DATA IN THIS EXERCISE:
↓

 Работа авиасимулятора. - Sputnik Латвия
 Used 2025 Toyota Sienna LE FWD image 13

↑
↓

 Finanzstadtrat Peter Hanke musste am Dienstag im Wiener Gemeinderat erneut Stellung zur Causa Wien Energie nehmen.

↑
↓

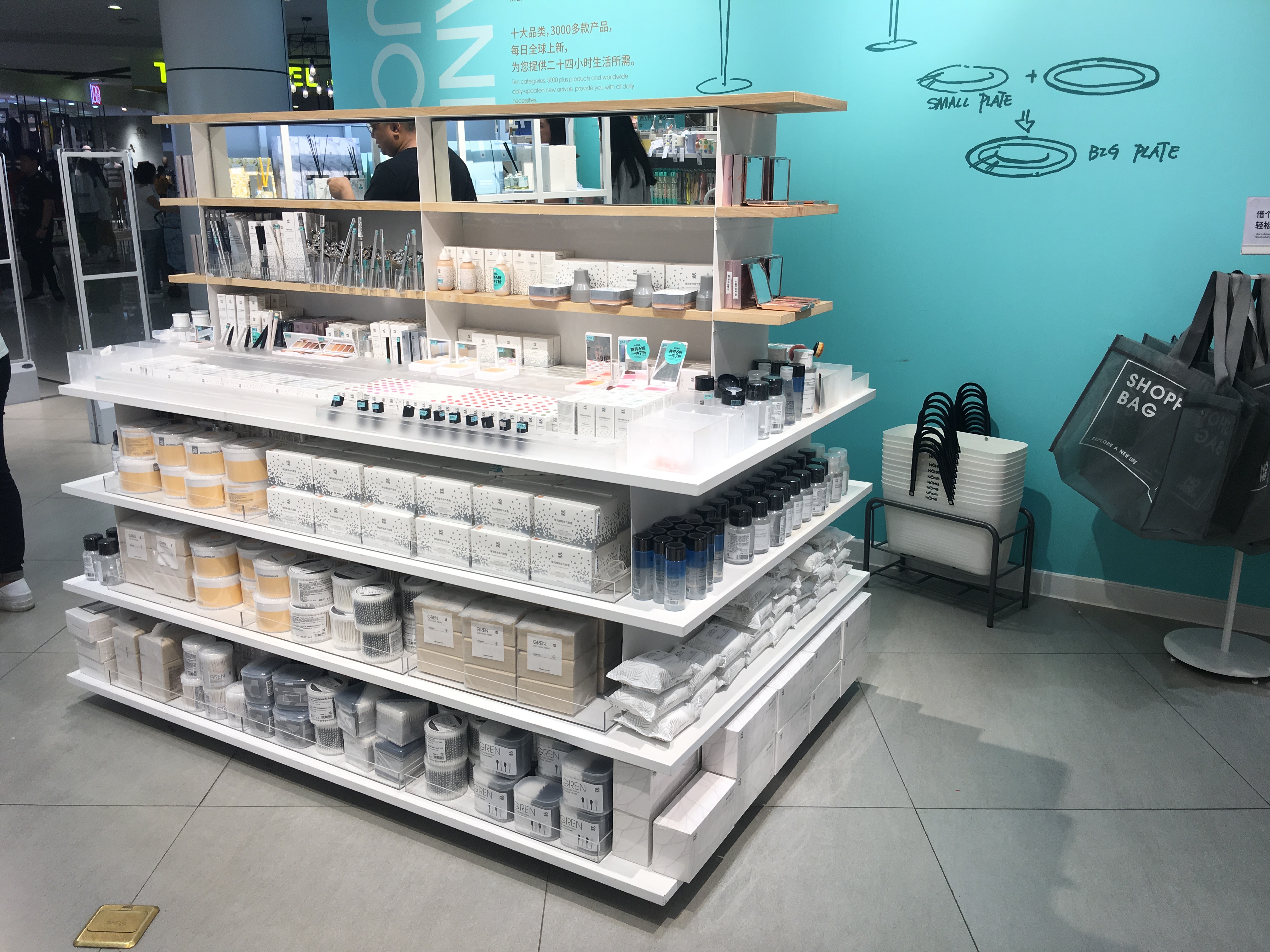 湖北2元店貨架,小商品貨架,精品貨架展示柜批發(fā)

↑

YOUR TASK:
All that belongs in the answer is the run of lines above from the line containing "Работа авиасимулятора. - Sputnik Латвия" through the line containing "Used 2025 Toyota Sienna LE FWD image 13", exactly as written.

SOLUTION TO THIS PROBLEM:
 Работа авиасимулятора. - Sputnik Латвия
 Used 2025 Toyota Sienna LE FWD image 13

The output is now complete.